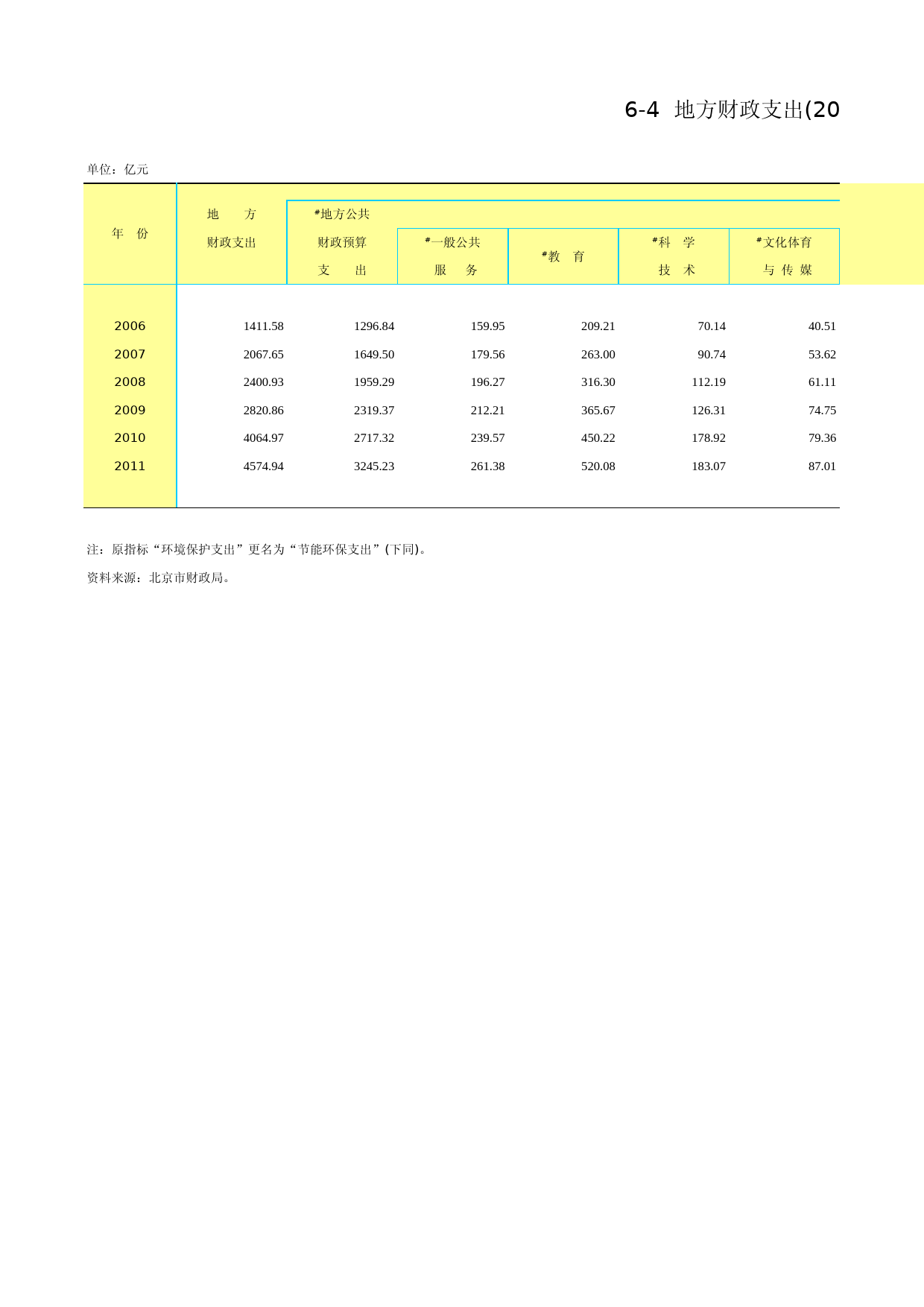 北京统计年鉴2012_ Ch06-04 地方财政支出(2006-2011)_第1页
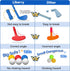 Liberry Toddler Golf Set for Boys & Girls Age 2-5, Upgraded Kids Golf Cart with Cornhole Board & Putting Mat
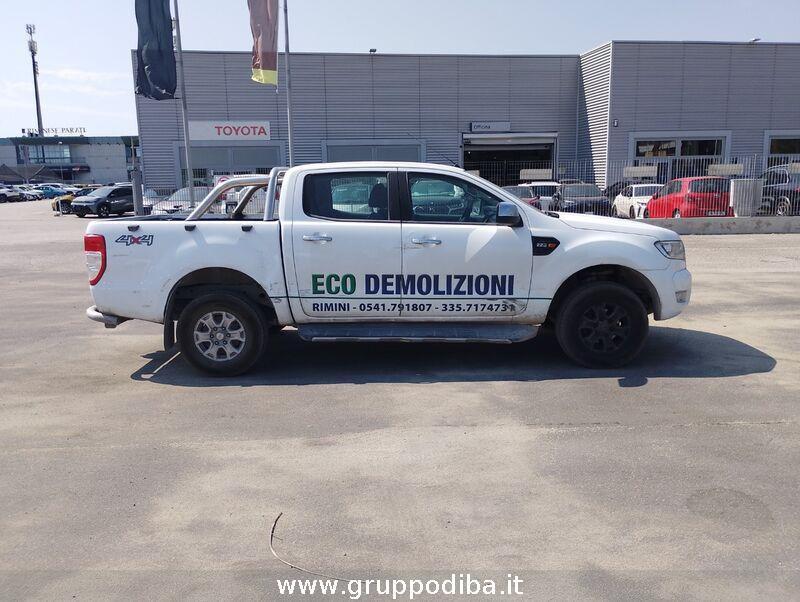 Ford Ranger VII 2016 Diesel 2.2 tdci double cab Limited 160cv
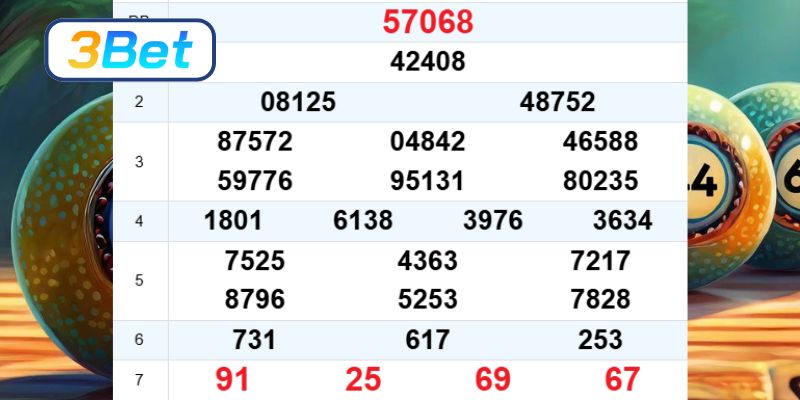 Cùng 3BET phân tích dữ liệu kỳ trước và bắt cầu tiềm năng cho 08/01/2026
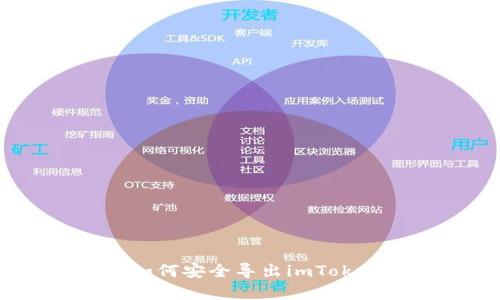 全面解析：如何安全导出imToken钱包私钥
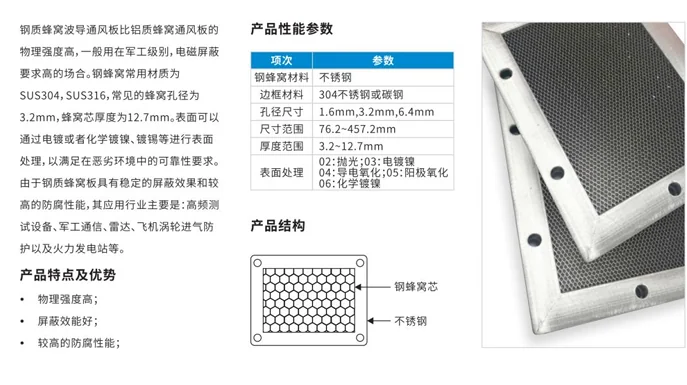 VP Series Steel Honeycomb Waveguide Vent Panel — image 1 of 1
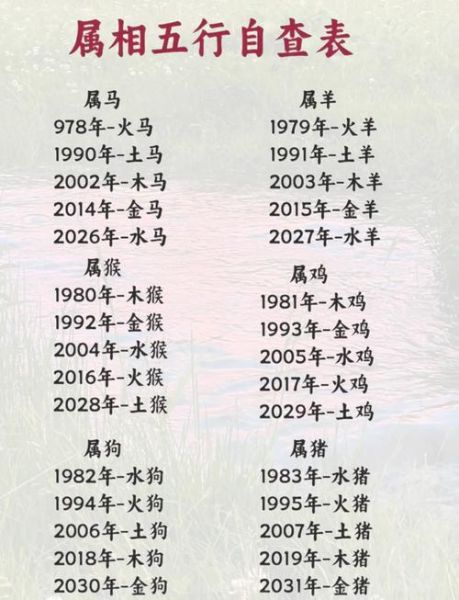 木之言十二生肖属相（木之言十二生肖属相五行对照表）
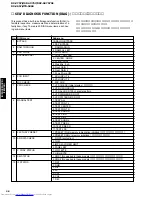 Preview for 2 page of Yamaha RX-V657 - AV Receiver Service Manual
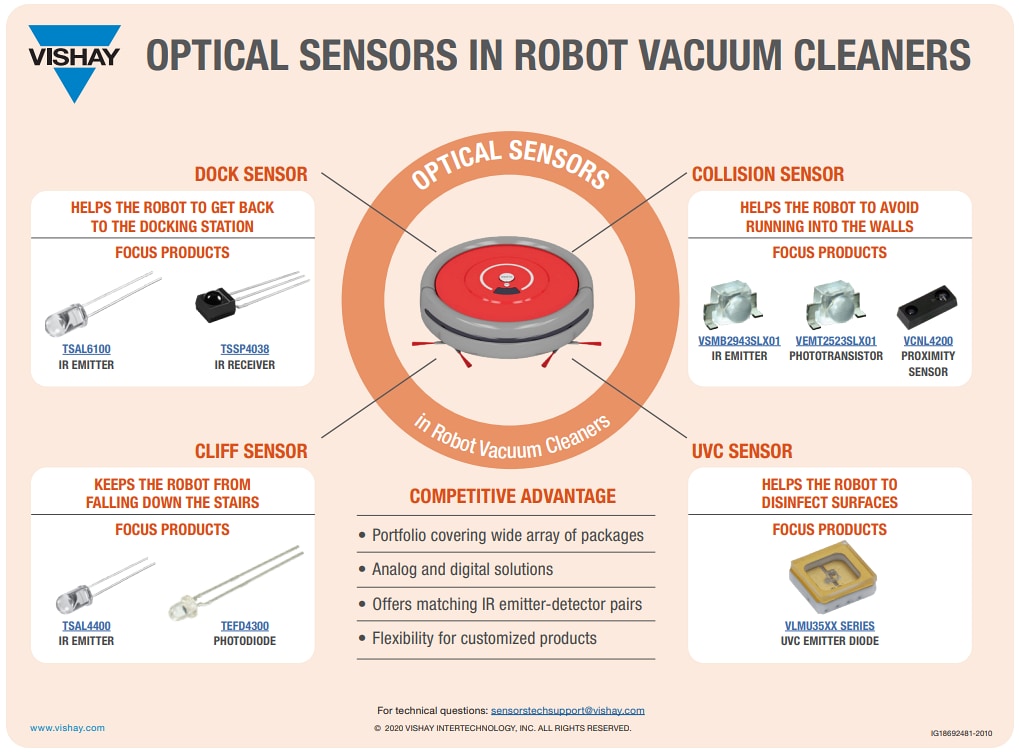 Vishay Semiconductors IR Emitters & Silicon PIN Photodiode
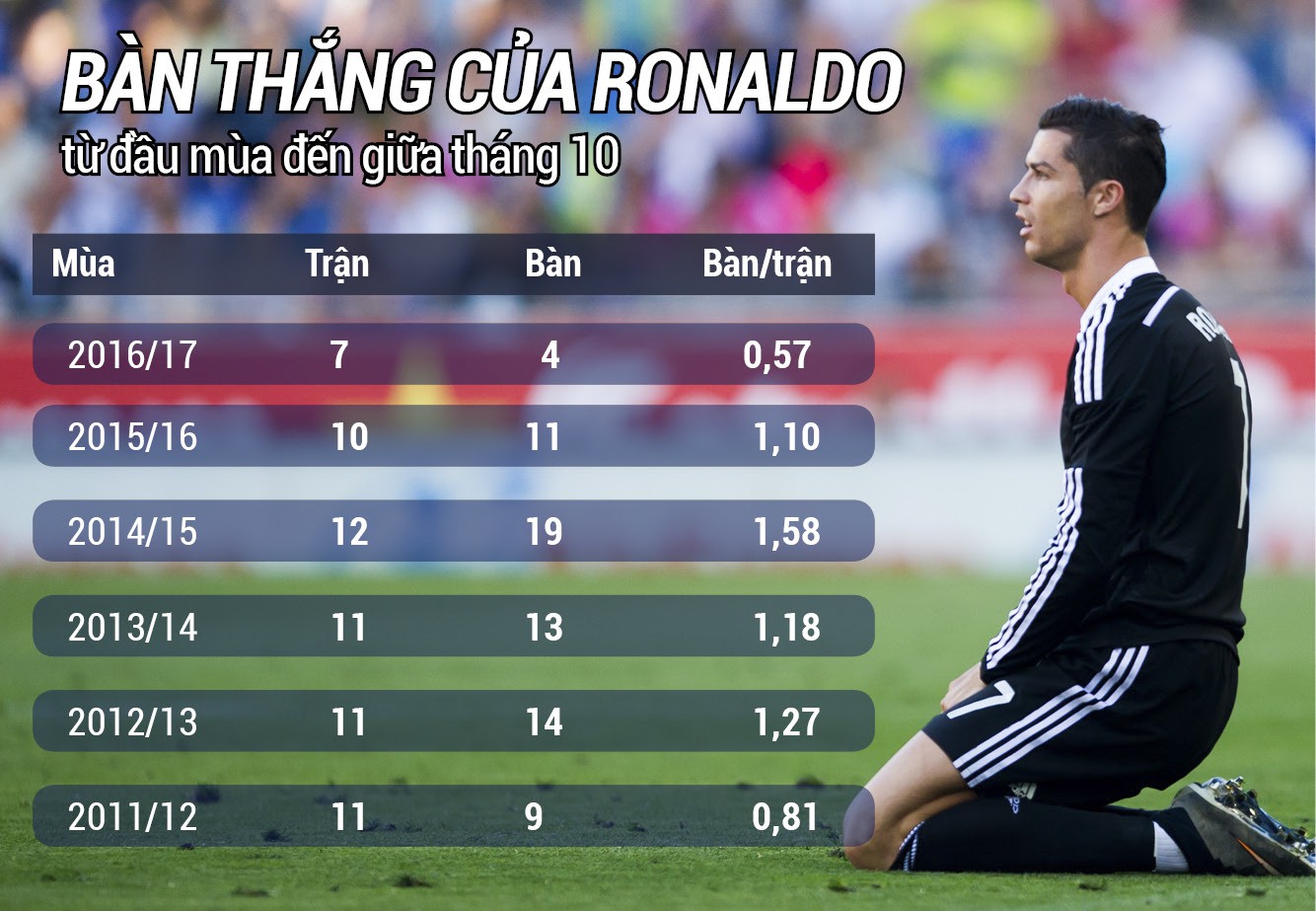 Bàn thắng của Ronaldo từ đầu mùa đến giữa tháng 10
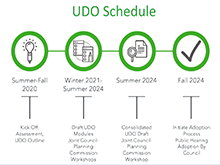 UDO Schedule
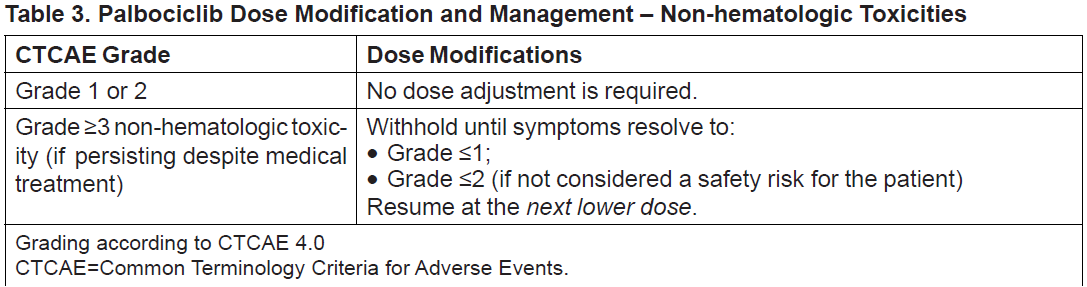 Palbonat Dosage Table 3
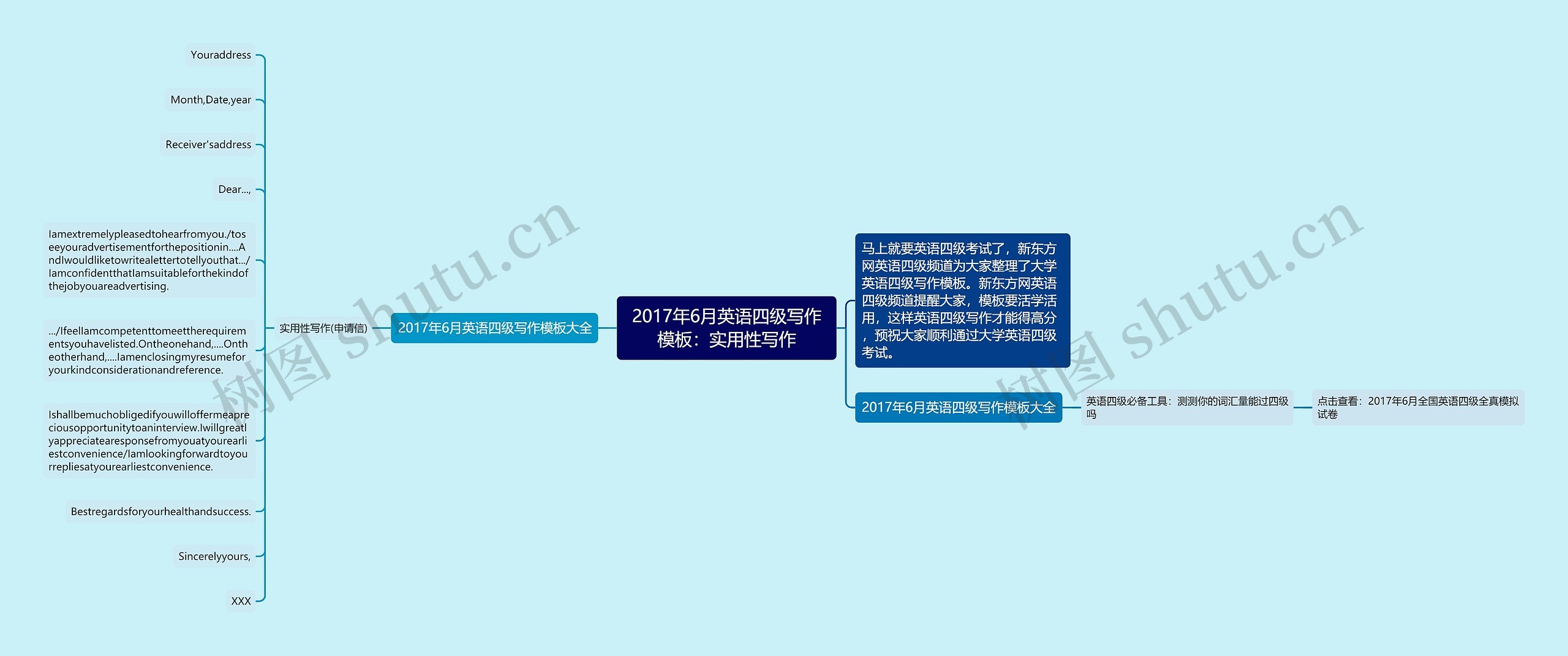 2017年6月英语四级写作：实用性写作思维导图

### Exercise brief
Your copy should start at the line with "Cùng 3BET phân", stop at the last line of the listing above, match exactly, and contain no pictures.

### Result
 Cùng 3BET phân tích dữ liệu kỳ trước và bắt cầu tiềm năng cho 08/01/2026
 全面解析：如何安全导出imToken钱包私钥
 VP Series Steel Honeycomb Waveguide Vent Panel — image 1 of 1
 木之言十二生肖属相（木之言十二生肖属相五行对照表）
 Preview for 2 page of Yamaha RX-V657 - AV Receiver Service Manual
 Vishay Semiconductors IR Emitters & Silicon PIN Photodiode
 Bàn thắng của Ronaldo từ đầu mùa đến giữa tháng 10
 UDO Schedule
 Palbonat Dosage Table 3
 2017年6月英语四级写作：实用性写作思维导图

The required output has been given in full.